Reasons for Investing in Gold


There are several reasons for investing in gold, including its historical usage as an inflation hedge and an instrument of safe haven in turbulent times.

Some investment gurus, such as Peter Schiff, also think that gold is the purest form of money. In many sense this is true, stemming from the fact that money in Western world was tied to the price of gold prior to 1971, when the gold standard was abolished.

When a country's money is not tied to anything, the money is called a fiat currency, and there are several problems associated with such monetary base, including the fact that fiat money allows the governments to print money and create inflation without restrictions.

In terms of investment vehicle, much of gold's value comes from the fact that it has retained value throughout times, making it an inflation hedge in times when fiat money is losing value rapidly.

Beyond its role as a purely speculative instrument to retain value, gold also has demand coming from its uses in jewelry and its rare uses in electronical components. Of these, the wedding season in India has been stated as one of the most important indicators of real life demand for gold.

Major producers of gold in the world include South Africa and Russia, whose mines production is considered an important indicator of supply of gold in the market.

If you're interested in investing into gold, you have several ways to do so. The way many recommend is to invest directly into gold, meaning physical gold.

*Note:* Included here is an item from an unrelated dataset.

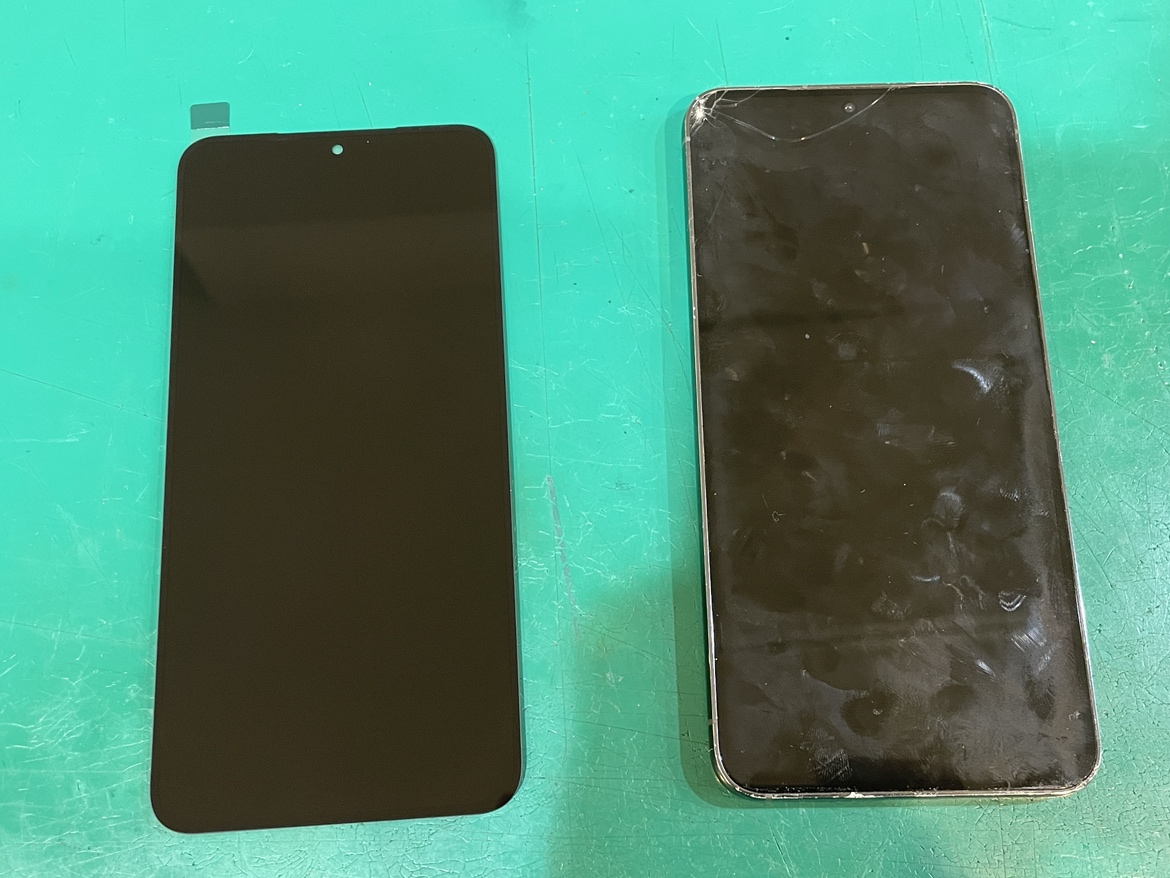 Galaxy S23 画面ガラス割れ 修理前の状態 新宿PePe店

Another way is to invest into the gold mining companies, but this method has its own problems, mainly stemming from the fact that if the company has problems that are not related to gold, you are also buying into these aspects of the company, not just gold itself.

There are also funds that have diversified positions in gold mining companies and Electronically Traded Funds that follow the money of gold, making it easy to invest into your view of where gold price is going.

Because the real life demand for gold is often not the most important factor in owning gold, this leaves the door open at times for erratic price action. For example, central banks that own huge amounts of gold may decide to sell their ownings at a short timeframe, putting downward pressure on the price of gold even though the market realities would suggest otherwise.

There is also a case for decreased production of gold, as production in some of the world's largest gold mines, especially in South Africa, is either flat or declining. Any new gold mine opened or closed affects the price of gold through supply and demand equilibrium.